-- Work to be completed --
Of all the lines below, return only those starting with the line holding "Boris Johnson criticised" and going on through the line holding "Outdoor Coffee Table", exactly as written.

[Source data]
══════

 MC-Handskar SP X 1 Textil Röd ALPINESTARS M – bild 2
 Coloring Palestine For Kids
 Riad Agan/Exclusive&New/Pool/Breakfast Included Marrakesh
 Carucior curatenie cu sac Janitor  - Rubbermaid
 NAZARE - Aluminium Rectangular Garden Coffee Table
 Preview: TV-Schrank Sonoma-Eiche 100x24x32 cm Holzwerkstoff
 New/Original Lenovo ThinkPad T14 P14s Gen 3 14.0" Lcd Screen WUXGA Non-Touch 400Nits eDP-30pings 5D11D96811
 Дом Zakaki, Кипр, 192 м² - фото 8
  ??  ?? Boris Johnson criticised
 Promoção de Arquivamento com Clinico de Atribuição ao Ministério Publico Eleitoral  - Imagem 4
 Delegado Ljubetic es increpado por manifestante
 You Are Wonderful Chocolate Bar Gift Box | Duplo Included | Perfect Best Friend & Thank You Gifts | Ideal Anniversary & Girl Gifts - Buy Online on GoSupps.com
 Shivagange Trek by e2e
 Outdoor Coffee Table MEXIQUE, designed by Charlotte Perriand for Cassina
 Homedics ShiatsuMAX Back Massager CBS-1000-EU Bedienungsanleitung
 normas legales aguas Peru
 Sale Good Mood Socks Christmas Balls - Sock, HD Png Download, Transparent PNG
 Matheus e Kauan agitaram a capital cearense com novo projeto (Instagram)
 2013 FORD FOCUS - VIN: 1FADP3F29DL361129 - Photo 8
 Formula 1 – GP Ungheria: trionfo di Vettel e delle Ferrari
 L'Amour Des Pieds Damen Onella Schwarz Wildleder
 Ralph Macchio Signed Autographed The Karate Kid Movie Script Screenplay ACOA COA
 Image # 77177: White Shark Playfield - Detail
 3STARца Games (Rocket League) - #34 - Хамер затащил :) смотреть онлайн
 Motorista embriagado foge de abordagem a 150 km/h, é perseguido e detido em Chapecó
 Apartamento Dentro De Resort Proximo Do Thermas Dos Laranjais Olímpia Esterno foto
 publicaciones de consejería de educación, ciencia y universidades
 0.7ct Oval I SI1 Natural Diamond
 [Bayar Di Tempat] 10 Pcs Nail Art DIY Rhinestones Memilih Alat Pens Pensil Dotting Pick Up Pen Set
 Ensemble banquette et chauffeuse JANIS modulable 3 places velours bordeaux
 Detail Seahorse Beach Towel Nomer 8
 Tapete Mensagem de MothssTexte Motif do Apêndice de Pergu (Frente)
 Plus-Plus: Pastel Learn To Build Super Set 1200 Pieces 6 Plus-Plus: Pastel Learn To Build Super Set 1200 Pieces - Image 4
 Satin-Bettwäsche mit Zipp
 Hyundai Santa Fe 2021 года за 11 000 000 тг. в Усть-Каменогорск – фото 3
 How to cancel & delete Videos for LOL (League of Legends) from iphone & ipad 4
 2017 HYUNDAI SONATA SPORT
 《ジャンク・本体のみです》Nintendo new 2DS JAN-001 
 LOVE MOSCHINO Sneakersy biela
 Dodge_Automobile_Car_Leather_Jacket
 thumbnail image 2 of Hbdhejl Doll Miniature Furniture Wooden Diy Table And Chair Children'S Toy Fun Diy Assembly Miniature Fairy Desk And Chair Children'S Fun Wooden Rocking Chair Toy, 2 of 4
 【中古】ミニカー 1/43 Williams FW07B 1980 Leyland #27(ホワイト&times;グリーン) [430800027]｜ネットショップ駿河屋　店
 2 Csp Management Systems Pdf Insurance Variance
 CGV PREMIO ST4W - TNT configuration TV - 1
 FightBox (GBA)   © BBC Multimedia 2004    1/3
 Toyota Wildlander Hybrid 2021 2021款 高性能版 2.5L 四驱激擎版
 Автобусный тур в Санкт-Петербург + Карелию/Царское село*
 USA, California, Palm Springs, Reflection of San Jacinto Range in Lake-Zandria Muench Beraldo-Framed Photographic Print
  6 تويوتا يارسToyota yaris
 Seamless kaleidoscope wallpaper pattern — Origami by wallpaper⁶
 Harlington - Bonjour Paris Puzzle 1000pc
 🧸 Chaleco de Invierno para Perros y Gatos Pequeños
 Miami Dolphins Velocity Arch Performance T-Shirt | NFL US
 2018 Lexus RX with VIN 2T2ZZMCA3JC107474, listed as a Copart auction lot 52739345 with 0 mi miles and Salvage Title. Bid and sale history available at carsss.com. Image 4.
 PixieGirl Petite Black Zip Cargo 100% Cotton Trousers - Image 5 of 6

══════

-- Response box --
  ??  ?? Boris Johnson criticised
 Promoção de Arquivamento com Clinico de Atribuição ao Ministério Publico Eleitoral  - Imagem 4
 Delegado Ljubetic es increpado por manifestante
 You Are Wonderful Chocolate Bar Gift Box | Duplo Included | Perfect Best Friend & Thank You Gifts | Ideal Anniversary & Girl Gifts - Buy Online on GoSupps.com
 Shivagange Trek by e2e
 Outdoor Coffee Table MEXIQUE, designed by Charlotte Perriand for Cassina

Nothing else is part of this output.